Use in research: EEG is used to study brain activity patterns associated with various mental health and neurodevelopmental conditions such as autism, ADHD, depression and anxiety, thereby helping to advance our understanding of brain function and neurological disorders.
Credit: Cerca Magnetics
Optically Primed Magnetoencephalography (OPM-MEG) Scanner
The OPM-MEG is a new way to non-invasively assess brain function. It measures magnetic fields produced by brain activity with high temporal and spatial resolution. This means it can precisely record rapid changes in brain activity (such as individual neural events or quick changes in cognition) as well as accurately identify the specific brain regions where the changes happen. Unlike conventional MEG, this system can adapt to any age group (baby to adult) and patients can move freely during scanning.

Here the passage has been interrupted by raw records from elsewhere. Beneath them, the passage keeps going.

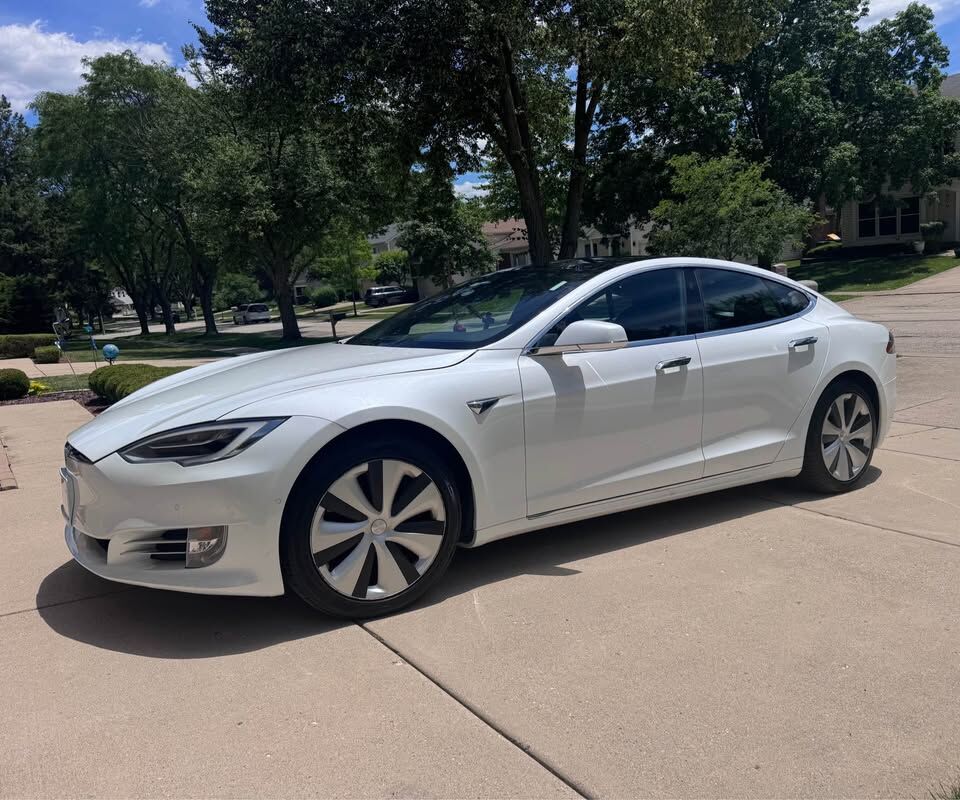 2021 TESLA Model S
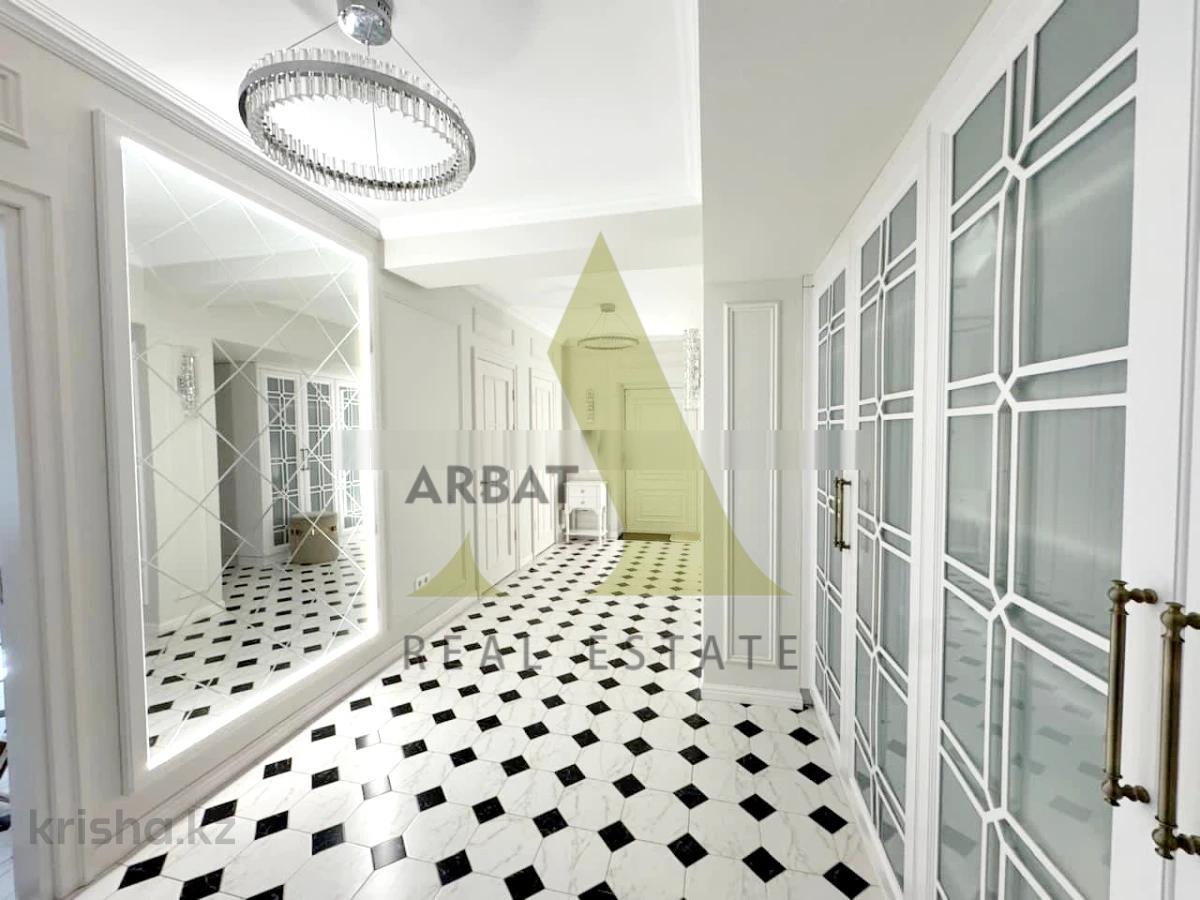 Фото Квартира, 3 комн, 138 м², 4/4 эт., 1978 г.п.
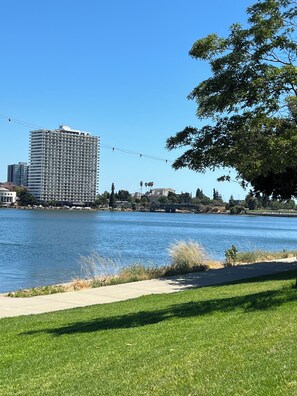 Miscellaneous - Best location of Oakland Lake Merritt Park & Gardens. New remodeled & furnished (Oakland)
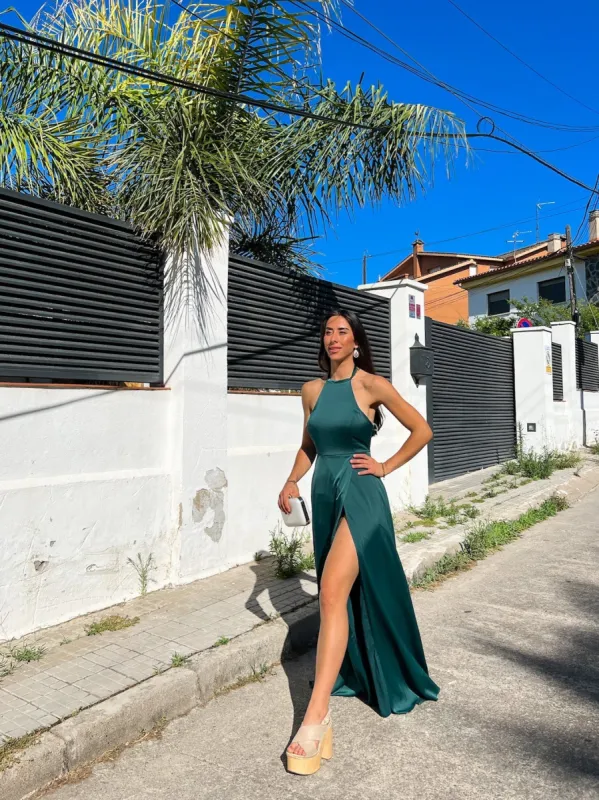 Vestido halter raso botella sold by Sorellas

Use in research: OPM-MEG provides insights into brain activity and underlying cognitive processes, improving understanding of neural mechanisms to aid the development of targeted interventions for conditions such as epilepsy, autism, ADHD.
Credit: Magstim
Virtual Reality (VR) Suite: Virtual Reality Cave + Virtual Reality Lab
The VR CAVE is a unique virtual reality laboratory featuring an immersive audio-visual environment that simulates real-world settings. It utilizes four-sided projection onto three walls and the floor, employing specialized technology and programming to create a 3D immersive experience. This can be used to simulate an environment for children and young people to help monitor their reactions and brain activity in response to stimulus in the simulated environment.
The Virtual Reality Lab will use cutting edge VR headsets, web-based platforms and “extended reality” (augmented reality, virtual reality, and mixed reality) which allows researchers to safely immerse participants in purpose-made scenarios, provoking similar cognitive, behavioural, and physical responses to real life within a controlled environment.
Use in research: Virtual reality, combined with motion tracking cameras, custom wearables and head-mounted eye tracking, provides an integrated platform that allows researchers to monitor, track and record brain activity and behaviour changes in conditions such as autism, depending on the simulated world around them.
Credit: Mechdyne
Functional near-infrared spectroscopy (fNIRS)
fNIRS is a non-invasive neuroimaging technique used to measure brain activity by monitoring local changes in blood oxygenation and blood volume in the brain. These changes indicate neural activity because they reflect local changes in blood flow and oxygen metabolism that occur in response to neuronal activation and brain excitation.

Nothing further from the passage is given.